» **DATASET CONTENT**
· · · ·

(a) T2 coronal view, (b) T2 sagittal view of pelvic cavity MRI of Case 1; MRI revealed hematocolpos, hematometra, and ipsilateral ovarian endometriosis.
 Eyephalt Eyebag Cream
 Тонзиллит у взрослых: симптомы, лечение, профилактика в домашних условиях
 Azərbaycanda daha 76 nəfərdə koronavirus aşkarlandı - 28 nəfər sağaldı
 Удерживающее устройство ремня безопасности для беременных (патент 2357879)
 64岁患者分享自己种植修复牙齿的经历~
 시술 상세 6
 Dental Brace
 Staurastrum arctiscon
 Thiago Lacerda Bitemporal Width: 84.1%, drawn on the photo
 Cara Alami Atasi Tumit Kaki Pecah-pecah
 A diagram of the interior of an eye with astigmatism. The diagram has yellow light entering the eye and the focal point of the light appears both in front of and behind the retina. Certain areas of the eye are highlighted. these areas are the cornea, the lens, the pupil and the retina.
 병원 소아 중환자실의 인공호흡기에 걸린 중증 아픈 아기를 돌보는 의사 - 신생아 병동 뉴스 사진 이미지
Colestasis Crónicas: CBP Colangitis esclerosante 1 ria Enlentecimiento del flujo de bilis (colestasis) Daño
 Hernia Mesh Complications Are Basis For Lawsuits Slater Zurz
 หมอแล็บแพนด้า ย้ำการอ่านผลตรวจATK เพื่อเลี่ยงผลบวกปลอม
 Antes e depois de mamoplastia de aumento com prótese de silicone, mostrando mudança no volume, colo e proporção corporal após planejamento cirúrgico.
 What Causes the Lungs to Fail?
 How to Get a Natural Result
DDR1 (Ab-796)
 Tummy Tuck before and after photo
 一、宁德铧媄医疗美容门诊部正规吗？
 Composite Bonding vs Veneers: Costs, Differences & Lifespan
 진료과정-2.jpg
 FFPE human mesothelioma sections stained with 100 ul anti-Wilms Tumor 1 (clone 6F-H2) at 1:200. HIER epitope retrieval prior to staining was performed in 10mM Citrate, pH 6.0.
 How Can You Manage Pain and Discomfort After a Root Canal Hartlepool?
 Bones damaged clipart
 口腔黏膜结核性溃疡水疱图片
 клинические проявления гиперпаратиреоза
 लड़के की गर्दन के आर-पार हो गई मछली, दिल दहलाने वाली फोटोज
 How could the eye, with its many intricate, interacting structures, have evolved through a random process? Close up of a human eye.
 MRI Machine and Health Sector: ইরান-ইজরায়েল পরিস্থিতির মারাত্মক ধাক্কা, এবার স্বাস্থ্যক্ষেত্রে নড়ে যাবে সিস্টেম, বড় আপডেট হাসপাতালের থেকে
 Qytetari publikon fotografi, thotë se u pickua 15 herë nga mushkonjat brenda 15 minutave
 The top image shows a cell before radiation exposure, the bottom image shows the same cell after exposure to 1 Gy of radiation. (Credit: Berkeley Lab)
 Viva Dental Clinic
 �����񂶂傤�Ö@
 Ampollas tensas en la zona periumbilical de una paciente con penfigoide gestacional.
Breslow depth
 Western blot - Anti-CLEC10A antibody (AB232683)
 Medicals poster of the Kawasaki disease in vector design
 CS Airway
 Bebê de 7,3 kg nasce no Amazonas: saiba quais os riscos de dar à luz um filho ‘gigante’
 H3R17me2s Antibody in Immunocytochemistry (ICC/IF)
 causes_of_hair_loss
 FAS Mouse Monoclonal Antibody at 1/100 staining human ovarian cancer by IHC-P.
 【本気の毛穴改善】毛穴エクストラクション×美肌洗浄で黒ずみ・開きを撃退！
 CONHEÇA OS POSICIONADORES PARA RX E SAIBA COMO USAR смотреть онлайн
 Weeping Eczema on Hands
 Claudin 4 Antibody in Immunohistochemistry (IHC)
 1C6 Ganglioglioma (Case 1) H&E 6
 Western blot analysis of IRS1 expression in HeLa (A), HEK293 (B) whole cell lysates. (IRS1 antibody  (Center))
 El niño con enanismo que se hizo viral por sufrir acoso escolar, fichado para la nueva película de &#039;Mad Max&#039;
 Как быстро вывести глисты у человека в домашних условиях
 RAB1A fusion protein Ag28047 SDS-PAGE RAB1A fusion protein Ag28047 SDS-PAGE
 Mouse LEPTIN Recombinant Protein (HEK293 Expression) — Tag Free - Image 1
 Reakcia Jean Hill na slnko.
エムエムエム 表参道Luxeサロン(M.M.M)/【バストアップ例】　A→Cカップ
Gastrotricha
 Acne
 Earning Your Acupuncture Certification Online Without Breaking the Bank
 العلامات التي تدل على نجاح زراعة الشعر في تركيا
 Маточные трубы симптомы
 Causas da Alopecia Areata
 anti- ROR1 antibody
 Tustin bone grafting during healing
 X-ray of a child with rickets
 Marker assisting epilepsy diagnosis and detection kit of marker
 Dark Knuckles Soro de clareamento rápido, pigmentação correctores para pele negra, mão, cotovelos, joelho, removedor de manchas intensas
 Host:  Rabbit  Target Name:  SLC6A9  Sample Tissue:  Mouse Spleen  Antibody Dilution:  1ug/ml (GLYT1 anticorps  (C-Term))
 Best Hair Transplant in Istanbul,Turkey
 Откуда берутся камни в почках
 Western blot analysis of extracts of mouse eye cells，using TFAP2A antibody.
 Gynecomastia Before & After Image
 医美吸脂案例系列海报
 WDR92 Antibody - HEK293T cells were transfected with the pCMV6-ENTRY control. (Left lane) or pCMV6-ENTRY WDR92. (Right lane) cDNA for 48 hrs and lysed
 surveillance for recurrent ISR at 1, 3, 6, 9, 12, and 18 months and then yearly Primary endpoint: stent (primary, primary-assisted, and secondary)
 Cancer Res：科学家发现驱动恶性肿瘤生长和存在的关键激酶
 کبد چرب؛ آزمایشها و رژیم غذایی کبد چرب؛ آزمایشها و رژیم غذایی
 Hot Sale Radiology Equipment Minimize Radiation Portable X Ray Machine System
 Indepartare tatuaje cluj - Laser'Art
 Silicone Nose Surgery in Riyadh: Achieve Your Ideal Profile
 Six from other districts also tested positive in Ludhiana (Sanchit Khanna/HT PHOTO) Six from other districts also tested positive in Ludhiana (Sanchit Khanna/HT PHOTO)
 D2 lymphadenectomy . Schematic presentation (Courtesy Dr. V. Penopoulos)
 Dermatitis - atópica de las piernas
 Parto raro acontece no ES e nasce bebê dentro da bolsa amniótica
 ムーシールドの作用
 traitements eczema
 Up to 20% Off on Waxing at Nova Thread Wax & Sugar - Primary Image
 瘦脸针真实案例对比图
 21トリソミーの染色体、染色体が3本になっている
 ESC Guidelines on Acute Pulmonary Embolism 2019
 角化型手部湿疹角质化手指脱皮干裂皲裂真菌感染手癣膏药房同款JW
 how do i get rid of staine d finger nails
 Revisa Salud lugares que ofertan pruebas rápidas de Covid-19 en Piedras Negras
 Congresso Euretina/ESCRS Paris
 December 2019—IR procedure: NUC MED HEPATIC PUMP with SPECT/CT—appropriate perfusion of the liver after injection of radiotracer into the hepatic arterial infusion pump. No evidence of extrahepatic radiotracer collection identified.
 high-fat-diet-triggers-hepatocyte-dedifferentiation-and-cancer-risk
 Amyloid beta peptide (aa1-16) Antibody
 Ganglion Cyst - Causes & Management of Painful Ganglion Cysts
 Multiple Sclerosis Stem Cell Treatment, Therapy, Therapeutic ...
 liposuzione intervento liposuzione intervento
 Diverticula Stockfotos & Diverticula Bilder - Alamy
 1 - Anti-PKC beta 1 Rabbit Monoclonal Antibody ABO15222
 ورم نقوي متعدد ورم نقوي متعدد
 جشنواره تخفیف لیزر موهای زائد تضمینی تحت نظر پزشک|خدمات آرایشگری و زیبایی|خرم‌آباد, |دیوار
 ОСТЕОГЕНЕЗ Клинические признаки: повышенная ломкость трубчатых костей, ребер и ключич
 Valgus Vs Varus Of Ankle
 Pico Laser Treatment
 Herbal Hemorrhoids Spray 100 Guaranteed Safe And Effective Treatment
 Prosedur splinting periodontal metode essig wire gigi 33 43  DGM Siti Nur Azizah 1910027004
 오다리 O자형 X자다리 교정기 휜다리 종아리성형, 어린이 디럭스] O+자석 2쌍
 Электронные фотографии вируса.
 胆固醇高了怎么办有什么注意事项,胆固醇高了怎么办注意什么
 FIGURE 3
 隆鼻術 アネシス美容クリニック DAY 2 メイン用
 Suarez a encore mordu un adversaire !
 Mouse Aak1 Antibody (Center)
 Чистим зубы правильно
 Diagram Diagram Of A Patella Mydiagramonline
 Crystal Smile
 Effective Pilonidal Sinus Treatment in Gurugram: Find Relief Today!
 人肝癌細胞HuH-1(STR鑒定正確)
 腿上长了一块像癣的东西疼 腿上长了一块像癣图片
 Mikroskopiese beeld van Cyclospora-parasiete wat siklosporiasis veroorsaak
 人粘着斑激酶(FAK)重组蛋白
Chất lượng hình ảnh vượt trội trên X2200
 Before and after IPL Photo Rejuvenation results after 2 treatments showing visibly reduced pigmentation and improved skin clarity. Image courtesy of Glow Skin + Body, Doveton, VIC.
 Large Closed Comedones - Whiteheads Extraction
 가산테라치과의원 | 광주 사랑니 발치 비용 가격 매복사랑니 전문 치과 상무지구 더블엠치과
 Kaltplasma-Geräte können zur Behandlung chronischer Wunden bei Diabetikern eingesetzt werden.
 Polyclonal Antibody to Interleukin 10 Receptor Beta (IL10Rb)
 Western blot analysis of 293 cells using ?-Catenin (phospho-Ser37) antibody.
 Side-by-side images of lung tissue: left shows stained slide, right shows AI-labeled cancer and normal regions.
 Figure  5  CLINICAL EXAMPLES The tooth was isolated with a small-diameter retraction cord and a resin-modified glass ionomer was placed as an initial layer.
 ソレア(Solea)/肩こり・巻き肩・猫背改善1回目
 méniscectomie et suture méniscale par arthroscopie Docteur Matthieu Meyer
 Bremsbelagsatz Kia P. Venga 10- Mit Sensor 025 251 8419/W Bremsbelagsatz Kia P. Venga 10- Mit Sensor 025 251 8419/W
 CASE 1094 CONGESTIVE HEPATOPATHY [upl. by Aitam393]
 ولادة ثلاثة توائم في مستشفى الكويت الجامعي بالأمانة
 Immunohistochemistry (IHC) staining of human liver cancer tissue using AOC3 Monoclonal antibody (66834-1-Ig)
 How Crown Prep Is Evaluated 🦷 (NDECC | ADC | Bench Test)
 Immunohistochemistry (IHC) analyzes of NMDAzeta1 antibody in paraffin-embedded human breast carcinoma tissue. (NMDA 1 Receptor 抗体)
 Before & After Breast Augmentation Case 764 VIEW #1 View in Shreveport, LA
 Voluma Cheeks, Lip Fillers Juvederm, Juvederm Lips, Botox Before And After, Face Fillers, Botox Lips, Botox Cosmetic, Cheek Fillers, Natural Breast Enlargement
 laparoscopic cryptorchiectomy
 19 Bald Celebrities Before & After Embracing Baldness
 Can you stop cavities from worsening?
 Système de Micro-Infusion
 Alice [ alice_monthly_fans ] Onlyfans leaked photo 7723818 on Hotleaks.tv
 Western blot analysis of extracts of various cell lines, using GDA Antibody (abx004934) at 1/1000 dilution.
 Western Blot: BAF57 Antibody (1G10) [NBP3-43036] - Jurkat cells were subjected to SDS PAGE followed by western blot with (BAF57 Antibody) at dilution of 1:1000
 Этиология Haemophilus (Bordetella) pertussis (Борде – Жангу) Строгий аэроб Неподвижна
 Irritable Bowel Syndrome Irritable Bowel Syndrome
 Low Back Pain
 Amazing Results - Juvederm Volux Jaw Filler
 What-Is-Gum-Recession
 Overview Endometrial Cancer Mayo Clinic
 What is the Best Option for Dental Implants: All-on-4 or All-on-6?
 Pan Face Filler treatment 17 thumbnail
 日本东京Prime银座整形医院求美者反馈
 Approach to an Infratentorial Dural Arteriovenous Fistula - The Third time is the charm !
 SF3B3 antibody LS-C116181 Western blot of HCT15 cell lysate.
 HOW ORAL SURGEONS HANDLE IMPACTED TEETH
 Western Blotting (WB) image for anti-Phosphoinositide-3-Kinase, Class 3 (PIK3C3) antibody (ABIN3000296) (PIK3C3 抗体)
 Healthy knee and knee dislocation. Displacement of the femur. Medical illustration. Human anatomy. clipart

· · · ·

» **TRY IT**
Within the data above, how many lines include the word "Laser"? Respond with the number only.

» **RESPONSE BOX**
2